Eğitimde laiklik neden önemlidir?

Önemlidir çünkü;
• Laik eğitim mücadelesi, öğrencilerin inançlarından dolayı ayrımcılığa uğratılmaması mücadelesidir
• Laik eğitim mücadelesi, okulların dinsel dogmanın, ezberin ve atıl bilginin değil, bilimin sanatın ve birlikte kardeşçe yaşamanın deneyimlendiği alanlar olması mücadelesidir.
• Laik eğitim mücadelesi, toplumsal cinsiyet eşitliğinin sağlanması mücadelesidir.
• Laik eğitim mücadelesi, yoksul aile çocuklarının geleceksizleştirilmesine karşı çıkma, onları tarikatların pençesinden kurtarma mücadelesidir.
• Laik eğitim mücadelesi, bilimi, sanatı ve felsefeyi savunma mücadelesidir.
• Laik eğitim mücadelesi, okullarda kendi aklının efendisi olan bireyler yetiştirme mücadelesidir.
• Laik eğitim mücadelesi itaatkâr bireyler değil, sorgulayan bireyler yetiştirme mücadelesidir.
• Laik eğitim mücadelesi, eğitimi kamusal, bilimsel ve nitelikli hale getirme mücadelesidir.

Sonuç yerine

AKP’nin iktidarda kaldığı 15 yıl boyunca neoliberal ve neomuhafazakâr kuşatmanın altında eğitim sistemi, kronikleşmiş sınıf, ırk ve cinsiyet ayrımcılığı yanında hızla piyasalaşmıştır ve dincileşmiştir. Dinselleşme ve piyasalaşma saldırısına karşı kamucu ve demokratik bir eğitimi savunan hattın güçlü bir ideolojik/politik/pedagojik barikat kurabilmesi için, dinselin içindeki piyasacılığın, piyasanın içindeki dinselin görülmesi önemlidir. Dolayısıyla toplumsal muhalefet güçleri de günümüzde yaşanan piyasa diktatörlüğünün ve ona eşlik eden dinselleşmenin yani “teo-liberal” olarak adlandırılabilecek bir saldırının bilinciyle hareket ederek, kuşatıcı saldırı karşısında daha güçlü bir karşı çıkışın yollarını aramalıdır.

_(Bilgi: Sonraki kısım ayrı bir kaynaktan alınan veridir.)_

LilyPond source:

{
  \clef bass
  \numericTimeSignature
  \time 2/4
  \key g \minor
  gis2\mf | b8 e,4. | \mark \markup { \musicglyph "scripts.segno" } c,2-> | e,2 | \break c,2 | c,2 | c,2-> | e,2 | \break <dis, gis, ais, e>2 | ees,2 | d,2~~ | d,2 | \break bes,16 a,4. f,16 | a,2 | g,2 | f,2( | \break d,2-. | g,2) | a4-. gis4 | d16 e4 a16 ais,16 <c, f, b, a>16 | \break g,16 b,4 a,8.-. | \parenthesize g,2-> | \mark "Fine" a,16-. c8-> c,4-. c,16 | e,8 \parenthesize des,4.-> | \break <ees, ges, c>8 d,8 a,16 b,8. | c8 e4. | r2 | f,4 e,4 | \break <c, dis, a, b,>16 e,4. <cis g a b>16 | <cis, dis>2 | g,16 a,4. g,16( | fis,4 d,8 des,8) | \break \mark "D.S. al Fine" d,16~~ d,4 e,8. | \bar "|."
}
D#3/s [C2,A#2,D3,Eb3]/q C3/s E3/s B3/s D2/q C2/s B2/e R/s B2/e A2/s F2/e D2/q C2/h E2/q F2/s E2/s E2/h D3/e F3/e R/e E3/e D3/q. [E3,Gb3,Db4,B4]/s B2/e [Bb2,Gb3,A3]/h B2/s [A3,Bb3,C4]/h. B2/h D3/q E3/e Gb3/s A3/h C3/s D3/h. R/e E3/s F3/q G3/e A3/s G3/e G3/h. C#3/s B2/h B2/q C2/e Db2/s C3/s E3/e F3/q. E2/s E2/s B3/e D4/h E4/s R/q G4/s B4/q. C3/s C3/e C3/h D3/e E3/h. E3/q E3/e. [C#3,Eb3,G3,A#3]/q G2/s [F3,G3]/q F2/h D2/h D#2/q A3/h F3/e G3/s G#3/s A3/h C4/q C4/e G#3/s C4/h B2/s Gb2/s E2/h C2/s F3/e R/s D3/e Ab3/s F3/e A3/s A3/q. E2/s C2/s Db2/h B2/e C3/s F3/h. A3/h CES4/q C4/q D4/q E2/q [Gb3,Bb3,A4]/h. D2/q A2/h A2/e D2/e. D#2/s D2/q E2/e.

Bu çıkışın da ancak kendi deneyiminden öğrenmekle, buna uygun yenilenmeyle ve kapsayıcı bir politika geliştirmekle mümkün olacağı açıktır.

Bugün bu kapsamlı saldırı karşısında laikliği esas alan ödünsüz bir barikat örülmesi demokratik eğitim mücadelesinin olmazsa olmazıdır. Aynı zamanda kendinden olmayan herkese, yaşam alanlarımıza, hak ve özgürlüklerimize yönelik topyekûn dinci saldırı karşısında laiklik tüm toplumun/ülkenin kaderiyle, Türkiye halklarının birliği ve dirliği ile ilgili temel bir mücadele alanı haline gelmiştir.